The main benefit is the weight that the Court will attach to the inspector’s report. Even in circumstances where the directors of the company are uncooperative or unwilling to abide by the terms of the Court order, this could in itself be evidence of misconduct, mismanagement or breach of fiduciary duties on the part of the directors that could form grounds for winding up a company.
The appointment also presents an alternative option: it may put pressure on the executive directors to cooperate more fully with the shareholders to rebuild a relationship of trust and confidence so as to negate any need to enter into litigation or liquidate the company.

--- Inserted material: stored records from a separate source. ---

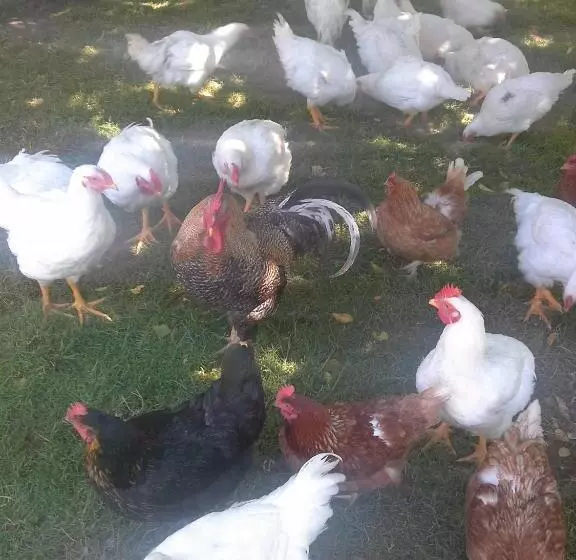هتل روستایی Tourist Farm Pri Martinovih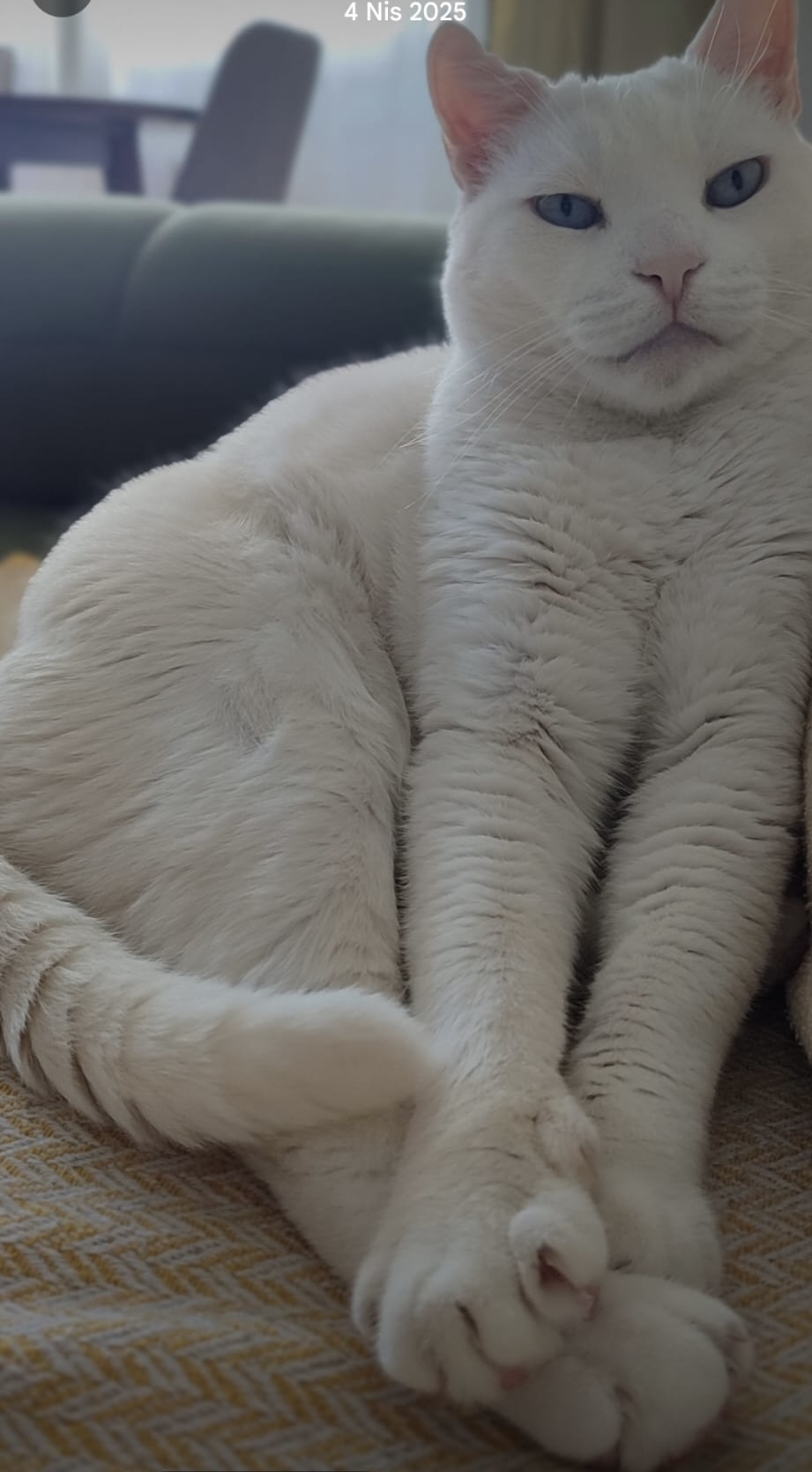 Kayıp Kedi-Gaziemir
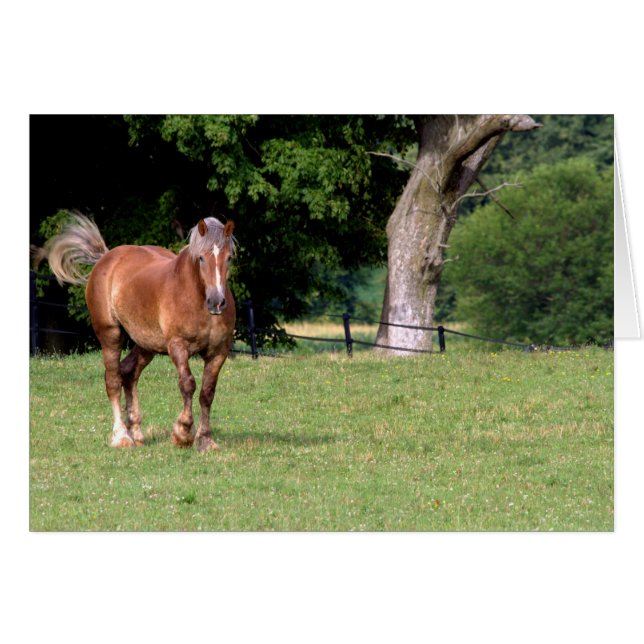 Een prachtig paard (Voorkant Horizontaal)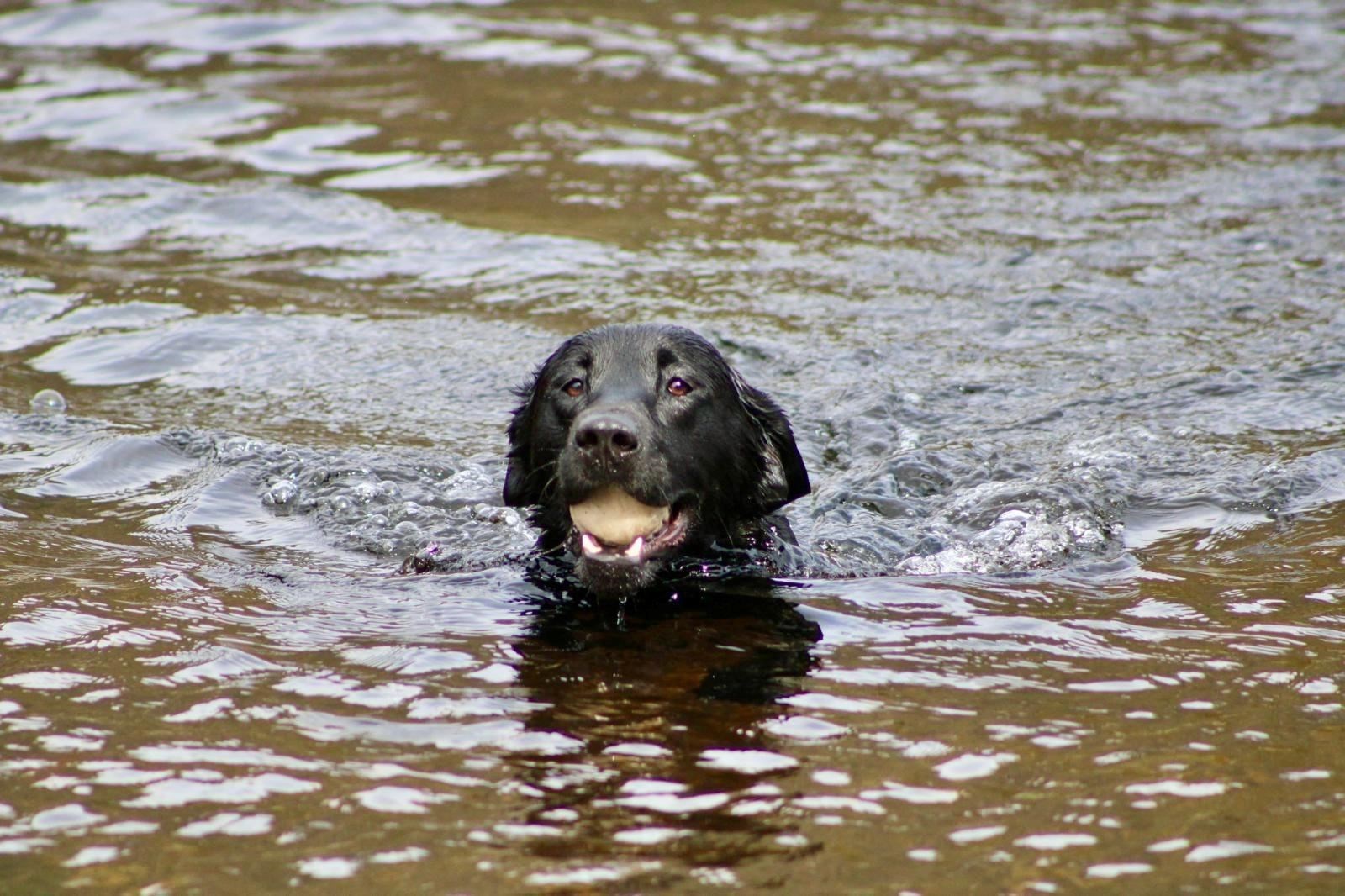 IN AT THE DEEP END: Caution is being advised near open water.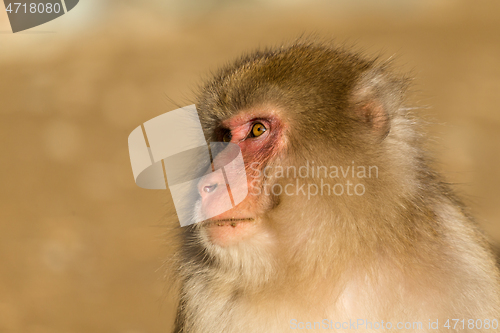 Image of Monkey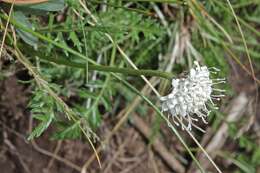 Image of dove pincushions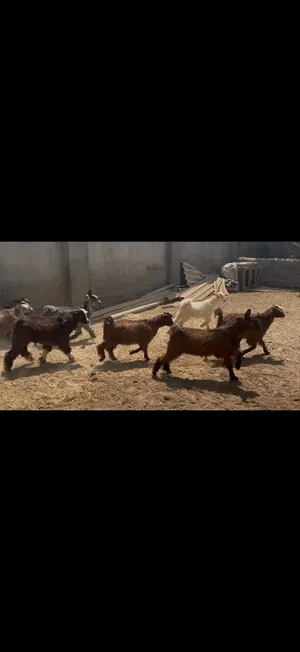 تيوسه وصخلات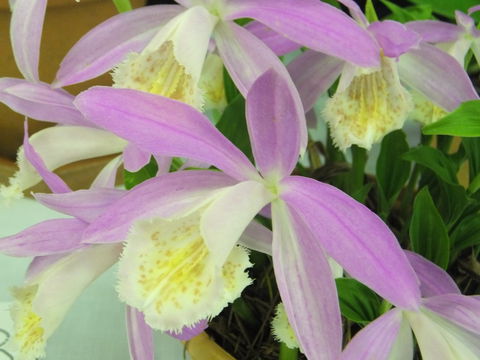 Blackheath Flower And Craft Show - Accommodation Fremantle 2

Disadvantages of appointing an inspector
The most commonly occurring difficulty following the appointment of an inspector is that the executive directors fail to comply with the terms of the order appointing them and make no effort to furnish the inspector with the books and records of the company.
Failure on the part of the directors to abide with the terms of the Court order may well in itself form the necessary grounds for bringing a subsequent action against the company.
The appointment of an inspector is a time and cost efficient method of securing information on a company’s financial affairs. The enquiry power of an inspector is particularly compelling as the officers and agents of the company will be obliged to provide all documents in their custody or power to the inspector. An inspector may also examine officers and agents under oath and criminal sanctions are imposed for non-compliance with any request made by an inspector. This information would help form the backbone of any subsequent action, such as a derivative claim.
In many cases it may be that the appointment of an inspector is a necessary precursor to a winding-up application. Where a shareholder does not have sufficient evidence to seek the appointment of liquidators, the ability to appoint an investigator to scrutinise the affairs of the company, and report to the court thereon, is likely to assist greatly in such an application.